The past few weeks however, I have found that the Fifa World Cup has taken the global village sentiment to a whole new level.
People have gathered from Pakistan to Liechtenstein, from metropolises of New York and Tokyo to the backblocks of Romania and Guatamala, and of course, New Zealand.
As mentioned in earlier reports, the All Whites may not be here, but Kiwis keep popping up all over Brazil, and so do people with links to New Zealand.
Writing this story on the long bus haul to Sao Paulo, Agustin from Ecuador next tells me all about his Maori mate and does a remarkably impressive rendition of Ka Mate.
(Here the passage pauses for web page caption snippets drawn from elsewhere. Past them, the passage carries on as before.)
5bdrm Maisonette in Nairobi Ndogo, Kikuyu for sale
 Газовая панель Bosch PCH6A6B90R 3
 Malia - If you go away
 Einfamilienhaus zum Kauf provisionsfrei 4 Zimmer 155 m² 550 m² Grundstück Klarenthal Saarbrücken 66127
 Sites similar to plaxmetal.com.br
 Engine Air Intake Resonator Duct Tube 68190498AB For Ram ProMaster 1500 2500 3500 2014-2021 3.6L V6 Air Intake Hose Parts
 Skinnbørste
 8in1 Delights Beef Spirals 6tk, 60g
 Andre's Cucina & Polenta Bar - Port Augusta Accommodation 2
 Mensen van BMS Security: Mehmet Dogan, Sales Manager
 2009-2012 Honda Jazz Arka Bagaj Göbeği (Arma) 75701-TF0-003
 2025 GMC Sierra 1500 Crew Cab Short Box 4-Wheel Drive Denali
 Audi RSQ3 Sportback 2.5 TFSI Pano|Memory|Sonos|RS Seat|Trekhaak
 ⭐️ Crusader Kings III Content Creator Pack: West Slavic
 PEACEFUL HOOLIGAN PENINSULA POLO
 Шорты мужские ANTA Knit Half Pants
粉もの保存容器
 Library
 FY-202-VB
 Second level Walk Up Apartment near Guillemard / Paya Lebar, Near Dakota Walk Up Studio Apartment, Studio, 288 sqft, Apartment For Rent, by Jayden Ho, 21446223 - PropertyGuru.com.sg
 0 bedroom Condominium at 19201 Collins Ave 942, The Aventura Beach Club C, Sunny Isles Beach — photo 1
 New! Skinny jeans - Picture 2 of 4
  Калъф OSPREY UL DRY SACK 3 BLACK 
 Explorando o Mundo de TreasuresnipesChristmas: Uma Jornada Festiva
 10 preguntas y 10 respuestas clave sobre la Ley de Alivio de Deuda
And on my way to the Maracana Stadium, a few days back, I was stunned to see a genuine Crusaders jersey among all the football strips. It belongs to Ben, a Kiwi expat in Rio who just had enough time to explain that he doesn't like the current red-and-black design before rushing off to a work meeting.
On and off the pitch, the borders are blurring with many people not necessarily supporting of playing for the country of birth.
One Japanese family here epitomised the increasing globalisation, cheering on the Samurai in a bar in Rio de Janeiro but also chatting in a strong, and slightly annoying Californian accent. "Supporting the US? Hell no, we live there but we support Ecuador where we were born."
I didn't see that one coming.
The fans have become increasingly mobile and so have the players.
In this World Cup, about one third of the 736 selected players have a double nationality, and some even have five countries to choose from.
In Wednesday's match in Sao Paulo, Switzerland have 12 different nationalities in its ranks, while 14 of Argentina's squad could also play for Italy.
Many teams like Algeria rely on their imports and have successfully lobbied to have the rules relaxed so that players can play youth internationals and friendlies without committing themselves. As a result three-quarter of their squad was born in France.
Unlike rugby though, once you have played one competitive international the player is tied to that country,
In one game this World Cup, Ghana star Kevin Prince Boateng played directly opposite his little brother Jerome who represented Germany, the Boatengs' country of birth.
The ultimate example that national allegiances have faded must be Atletico Madrid star Diego Costa. The Brazilian-born striker last year played two friendlies for A Selecao but at the last minute changed his loyalties to Spain.
Often these choices are driven by the club, because Atletico who can now field another non-European player.
Commercial interests aside, you have to wonder how Costa will feel after Spain's disastrous tournament and especially if Brazil succeed to win their sixth title.